Chamber fires back at Obama's campaign finance reform push
The U.S. Chamber of Commerce is firing back at President Obama’s renewed
call to pass a campaign-finance reform bill before the November
election.
Chamber Vice President Bruce Josten on Saturday said Democrats are
trying to push the legislation as a way to protect their own jobs in
Congress rather than focusing on creating jobs for Americans across
the country.
Republicans and business interests argue some of the bill’s provisions would give unions a political advantage over corporations.
“The disparity in how businesses and labor unions are treated by this legislation is staggering — and likely unconstitutional,” Josten wrote in a statement. “By favoring union speech over corporate speech, the bill’s authors are departing from past campaign finance legislation that treated business and labor equally.”
In his Saturday radio address, Obama called on Congress to complete its work on the bill, which is currently stalled in the Senate.
Obama criticized this summer’s rash of “attack ads” run by groups with names that reveal no information about who is funding them. The Disclose Act would require corporations and unions to identify the source of the funding and stand by the ads as federal politicians must do.
Josten said Obama failed to mention the role of unions, which predominantly favor Democrats, in funding political advertisements and any advantage the Disclose Act might give them.
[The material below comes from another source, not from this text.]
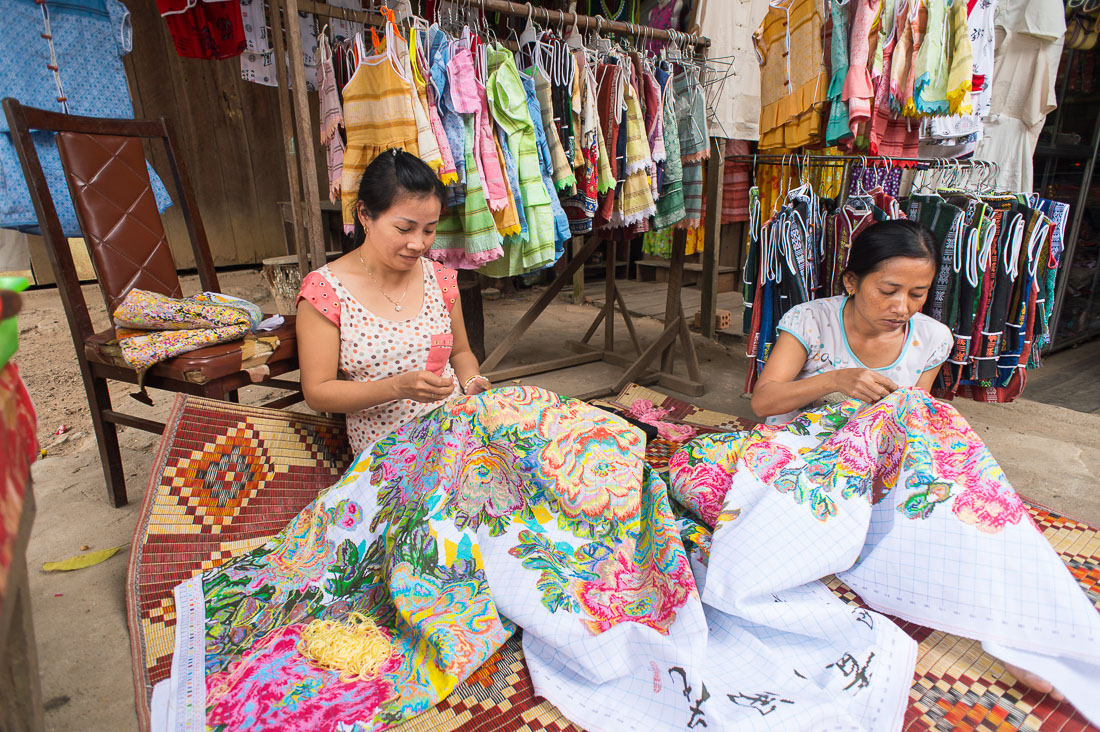 Two women working on a large embroidery, Phong Nha-Káº» BÃ ng, Quáº£ng BÃ¬nh province. Viet Nam, Indochina, South East Asia.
“With no mention of labor unions, the president stated that the goal
of the legislation is to reduce corporate influence in elections by
stopping the practice of corporate free speech support for
candidates,” he said. “We disagree with the president in this regard.
Free speech does not corrupt our politics, but efforts to limit it
do.”
Democratic leaders added carve-outs for the NRA and the Sierra Club,
and Republicans have argued corporations will be forced to
disclose their top donors in ads while some unions get a pass.
Democrats had hoped to pass the bill in both the House and Senate by
the July Fourth recess but the measure faced unanticipated delays in
the House in the face of opposition from myriad groups, from unions to
the Chamber and the NRA. It eventually passed
the House on a mainly party-line vote, but it failed to attract enough
support in the Senate to overcome procedural hurdles.
Senate Majority Leader Harry Reid (D-Nev.) has vowed to hold another
vote when the Senate returns in September.